I have been buying wihi stuff and it seems pretty good. Just gave a friend a set of screwdrivers to test in the field, if they hold up to him then I know they are good. Hilti sounds like I should look into those as well. Presently I am using Milwaukee tips. I just bought a Bosch holder have not put it into the impact driver so time will tell


----------



## PaliBob (Jun 11, 2008)

McFeelys has a made in the USA #2 x 2inch Phillips Impact Driver Bit sold in packs of *five* with $1 shipping.
Whenever possible I stick with Square Drive Impact Bits, e.g. pack of two for *$2.50*


----------



## SeniorSitizen (Sep 10, 2012)

The impact driver is what's screwing things up (literally). Why anyone would need one to drive screws is beyond me.


----------



## paintdrying (Jul 13, 2012)

are you serious about the impact driver.
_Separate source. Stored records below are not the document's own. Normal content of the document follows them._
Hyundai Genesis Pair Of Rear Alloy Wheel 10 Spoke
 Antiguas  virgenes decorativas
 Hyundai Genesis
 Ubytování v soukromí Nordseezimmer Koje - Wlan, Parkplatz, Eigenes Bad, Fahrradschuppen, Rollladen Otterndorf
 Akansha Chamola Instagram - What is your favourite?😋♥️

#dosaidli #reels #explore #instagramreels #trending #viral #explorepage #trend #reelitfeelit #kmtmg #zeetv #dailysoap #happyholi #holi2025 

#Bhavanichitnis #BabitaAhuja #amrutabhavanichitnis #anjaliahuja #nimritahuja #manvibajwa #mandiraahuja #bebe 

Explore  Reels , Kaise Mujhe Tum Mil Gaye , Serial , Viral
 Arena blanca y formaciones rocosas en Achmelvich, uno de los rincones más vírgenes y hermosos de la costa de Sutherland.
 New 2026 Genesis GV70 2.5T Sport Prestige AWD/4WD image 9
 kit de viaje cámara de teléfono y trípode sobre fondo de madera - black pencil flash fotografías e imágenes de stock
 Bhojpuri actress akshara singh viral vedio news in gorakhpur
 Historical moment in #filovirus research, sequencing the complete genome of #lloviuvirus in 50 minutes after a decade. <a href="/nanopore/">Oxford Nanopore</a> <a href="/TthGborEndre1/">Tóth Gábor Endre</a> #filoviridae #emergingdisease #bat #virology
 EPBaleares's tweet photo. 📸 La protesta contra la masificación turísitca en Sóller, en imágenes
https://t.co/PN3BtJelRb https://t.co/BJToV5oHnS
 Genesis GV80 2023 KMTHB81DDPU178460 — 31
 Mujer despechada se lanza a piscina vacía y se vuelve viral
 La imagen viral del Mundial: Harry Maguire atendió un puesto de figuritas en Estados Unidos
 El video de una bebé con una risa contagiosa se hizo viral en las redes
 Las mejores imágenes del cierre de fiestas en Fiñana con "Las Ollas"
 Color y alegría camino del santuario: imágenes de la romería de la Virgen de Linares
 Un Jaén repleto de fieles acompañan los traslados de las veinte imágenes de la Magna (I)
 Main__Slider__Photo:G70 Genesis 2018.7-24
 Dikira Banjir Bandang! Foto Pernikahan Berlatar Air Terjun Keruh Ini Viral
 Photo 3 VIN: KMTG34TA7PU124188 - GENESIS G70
That has been one of the single best advancements in the last 20 years. ( next to the shark bit fittings) If I did not have 300 pounds of drill bits I would probably be using the impact driver exclusively.


----------



## woodworkbykirk (Sep 25, 2011)

yup your right.. if you show up on a jobsite with a standard drill to drive screws you'd be laughed off the site. the same goes for someone showing up on a framing crew carrying a 16 oz estwing, most framers are carrying titanium hammers. i own a bosch and makita impact driver along with 2 stilleto titanium hammers a 14 oz and a 10 oz thats for finish work


----------



## paintdrying (Jul 13, 2012)

One guy actually fell down he was laughing at my hammer so hard. I was only a gofer on that job so the hammer was just for looks. They asked me if my wife missed her hammer.


----------



## woodworkbykirk (Sep 25, 2011)

i had a labor on a site years ago who was carrying a 6' tape that was designed to act as a keychain. he refused to spend $10 at walmart and buy a 25' tape


----------



## PaliBob (Jun 11, 2008)

My Daughter got me this one as a Gag.
I keep it on my desk
(back side of tape is metric)


----------